## Work item:
A complete, exact copy of the records below is the required result.

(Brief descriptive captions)
----

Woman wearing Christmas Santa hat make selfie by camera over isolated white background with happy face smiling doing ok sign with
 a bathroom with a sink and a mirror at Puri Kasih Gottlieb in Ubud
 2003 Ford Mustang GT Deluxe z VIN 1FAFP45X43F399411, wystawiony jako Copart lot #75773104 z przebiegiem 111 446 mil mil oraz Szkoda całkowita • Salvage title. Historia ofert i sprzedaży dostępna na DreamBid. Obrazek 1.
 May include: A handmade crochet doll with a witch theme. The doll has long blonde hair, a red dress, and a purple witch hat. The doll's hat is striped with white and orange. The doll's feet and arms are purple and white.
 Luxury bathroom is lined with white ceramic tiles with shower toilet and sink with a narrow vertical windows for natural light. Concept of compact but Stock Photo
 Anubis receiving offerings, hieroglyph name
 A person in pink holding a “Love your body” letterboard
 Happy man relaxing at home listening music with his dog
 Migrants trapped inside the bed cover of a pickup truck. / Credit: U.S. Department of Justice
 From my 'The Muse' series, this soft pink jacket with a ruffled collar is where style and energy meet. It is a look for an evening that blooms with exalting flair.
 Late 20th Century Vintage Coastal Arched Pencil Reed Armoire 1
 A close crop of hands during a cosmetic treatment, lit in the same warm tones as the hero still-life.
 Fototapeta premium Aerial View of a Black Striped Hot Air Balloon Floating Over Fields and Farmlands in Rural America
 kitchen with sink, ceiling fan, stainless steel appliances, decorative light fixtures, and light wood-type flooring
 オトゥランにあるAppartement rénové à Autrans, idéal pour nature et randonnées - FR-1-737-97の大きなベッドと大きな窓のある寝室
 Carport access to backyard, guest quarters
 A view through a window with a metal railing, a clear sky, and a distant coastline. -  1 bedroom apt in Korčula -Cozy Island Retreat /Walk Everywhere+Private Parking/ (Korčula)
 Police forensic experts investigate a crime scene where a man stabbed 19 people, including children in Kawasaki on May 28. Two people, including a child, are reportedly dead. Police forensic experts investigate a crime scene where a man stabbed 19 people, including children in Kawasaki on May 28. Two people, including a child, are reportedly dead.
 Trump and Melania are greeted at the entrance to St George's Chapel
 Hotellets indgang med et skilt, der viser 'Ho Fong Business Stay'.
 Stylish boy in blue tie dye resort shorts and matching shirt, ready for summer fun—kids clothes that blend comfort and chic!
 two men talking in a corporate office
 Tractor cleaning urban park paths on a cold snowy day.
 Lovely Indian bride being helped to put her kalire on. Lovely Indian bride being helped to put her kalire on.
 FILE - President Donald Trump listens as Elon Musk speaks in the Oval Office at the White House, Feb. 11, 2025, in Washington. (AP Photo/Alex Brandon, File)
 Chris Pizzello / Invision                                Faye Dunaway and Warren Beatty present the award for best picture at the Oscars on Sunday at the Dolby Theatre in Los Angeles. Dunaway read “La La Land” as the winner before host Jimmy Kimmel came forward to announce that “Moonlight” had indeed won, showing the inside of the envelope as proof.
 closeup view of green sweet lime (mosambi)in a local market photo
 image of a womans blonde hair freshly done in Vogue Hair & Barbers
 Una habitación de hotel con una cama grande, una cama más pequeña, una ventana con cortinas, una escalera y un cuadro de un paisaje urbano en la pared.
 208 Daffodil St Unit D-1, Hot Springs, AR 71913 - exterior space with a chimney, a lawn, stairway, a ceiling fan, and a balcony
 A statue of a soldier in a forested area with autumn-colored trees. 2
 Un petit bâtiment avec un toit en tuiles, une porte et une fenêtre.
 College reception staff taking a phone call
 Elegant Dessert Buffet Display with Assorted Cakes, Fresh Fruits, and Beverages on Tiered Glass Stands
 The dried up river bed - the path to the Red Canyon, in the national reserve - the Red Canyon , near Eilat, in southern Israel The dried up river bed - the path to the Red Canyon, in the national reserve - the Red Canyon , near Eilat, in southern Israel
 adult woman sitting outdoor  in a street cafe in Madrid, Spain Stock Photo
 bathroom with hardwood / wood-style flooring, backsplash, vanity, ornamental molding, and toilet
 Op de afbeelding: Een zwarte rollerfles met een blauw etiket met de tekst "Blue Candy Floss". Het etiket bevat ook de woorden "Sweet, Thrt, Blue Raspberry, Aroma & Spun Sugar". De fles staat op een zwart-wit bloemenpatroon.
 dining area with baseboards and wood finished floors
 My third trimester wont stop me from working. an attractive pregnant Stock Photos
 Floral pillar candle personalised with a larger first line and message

----

## Answer for the task:
Woman wearing Christmas Santa hat make selfie by camera over isolated white background with happy face smiling doing ok sign with
 a bathroom with a sink and a mirror at Puri Kasih Gottlieb in Ubud
 2003 Ford Mustang GT Deluxe z VIN 1FAFP45X43F399411, wystawiony jako Copart lot #75773104 z przebiegiem 111 446 mil mil oraz Szkoda całkowita • Salvage title. Historia ofert i sprzedaży dostępna na DreamBid. Obrazek 1.
 May include: A handmade crochet doll with a witch theme. The doll has long blonde hair, a red dress, and a purple witch hat. The doll's hat is striped with white and orange. The doll's feet and arms are purple and white.
 Luxury bathroom is lined with white ceramic tiles with shower toilet and sink with a narrow vertical windows for natural light. Concept of compact but Stock Photo
 Anubis receiving offerings, hieroglyph name
 A person in pink holding a “Love your body” letterboard
 Happy man relaxing at home listening music with his dog
 Migrants trapped inside the bed cover of a pickup truck. / Credit: U.S. Department of Justice
 From my 'The Muse' series, this soft pink jacket with a ruffled collar is where style and energy meet. It is a look for an evening that blooms with exalting flair.
 Late 20th Century Vintage Coastal Arched Pencil Reed Armoire 1
 A close crop of hands during a cosmetic treatment, lit in the same warm tones as the hero still-life.
 Fototapeta premium Aerial View of a Black Striped Hot Air Balloon Floating Over Fields and Farmlands in Rural America
 kitchen with sink, ceiling fan, stainless steel appliances, decorative light fixtures, and light wood-type flooring
 オトゥランにあるAppartement rénové à Autrans, idéal pour nature et randonnées - FR-1-737-97の大きなベッドと大きな窓のある寝室
 Carport access to backyard, guest quarters
 A view through a window with a metal railing, a clear sky, and a distant coastline. -  1 bedroom apt in Korčula -Cozy Island Retreat /Walk Everywhere+Private Parking/ (Korčula)
 Police forensic experts investigate a crime scene where a man stabbed 19 people, including children in Kawasaki on May 28. Two people, including a child, are reportedly dead. Police forensic experts investigate a crime scene where a man stabbed 19 people, including children in Kawasaki on May 28. Two people, including a child, are reportedly dead.
 Trump and Melania are greeted at the entrance to St George's Chapel
 Hotellets indgang med et skilt, der viser 'Ho Fong Business Stay'.
 Stylish boy in blue tie dye resort shorts and matching shirt, ready for summer fun—kids clothes that blend comfort and chic!
 two men talking in a corporate office
 Tractor cleaning urban park paths on a cold snowy day.
 Lovely Indian bride being helped to put her kalire on. Lovely Indian bride being helped to put her kalire on.
 FILE - President Donald Trump listens as Elon Musk speaks in the Oval Office at the White House, Feb. 11, 2025, in Washington. (AP Photo/Alex Brandon, File)
 Chris Pizzello / Invision                                Faye Dunaway and Warren Beatty present the award for best picture at the Oscars on Sunday at the Dolby Theatre in Los Angeles. Dunaway read “La La Land” as the winner before host Jimmy Kimmel came forward to announce that “Moonlight” had indeed won, showing the inside of the envelope as proof.
 closeup view of green sweet lime (mosambi)in a local market photo
 image of a womans blonde hair freshly done in Vogue Hair & Barbers
 Una habitación de hotel con una cama grande, una cama más pequeña, una ventana con cortinas, una escalera y un cuadro de un paisaje urbano en la pared.
 208 Daffodil St Unit D-1, Hot Springs, AR 71913 - exterior space with a chimney, a lawn, stairway, a ceiling fan, and a balcony
 A statue of a soldier in a forested area with autumn-colored trees. 2
 Un petit bâtiment avec un toit en tuiles, une porte et une fenêtre.
 College reception staff taking a phone call
 Elegant Dessert Buffet Display with Assorted Cakes, Fresh Fruits, and Beverages on Tiered Glass Stands
 The dried up river bed - the path to the Red Canyon, in the national reserve - the Red Canyon , near Eilat, in southern Israel The dried up river bed - the path to the Red Canyon, in the national reserve - the Red Canyon , near Eilat, in southern Israel
 adult woman sitting outdoor  in a street cafe in Madrid, Spain Stock Photo
 bathroom with hardwood / wood-style flooring, backsplash, vanity, ornamental molding, and toilet
 Op de afbeelding: Een zwarte rollerfles met een blauw etiket met de tekst "Blue Candy Floss". Het etiket bevat ook de woorden "Sweet, Thrt, Blue Raspberry, Aroma & Spun Sugar". De fles staat op een zwart-wit bloemenpatroon.
 dining area with baseboards and wood finished floors
 My third trimester wont stop me from working. an attractive pregnant Stock Photos
 Floral pillar candle personalised with a larger first line and message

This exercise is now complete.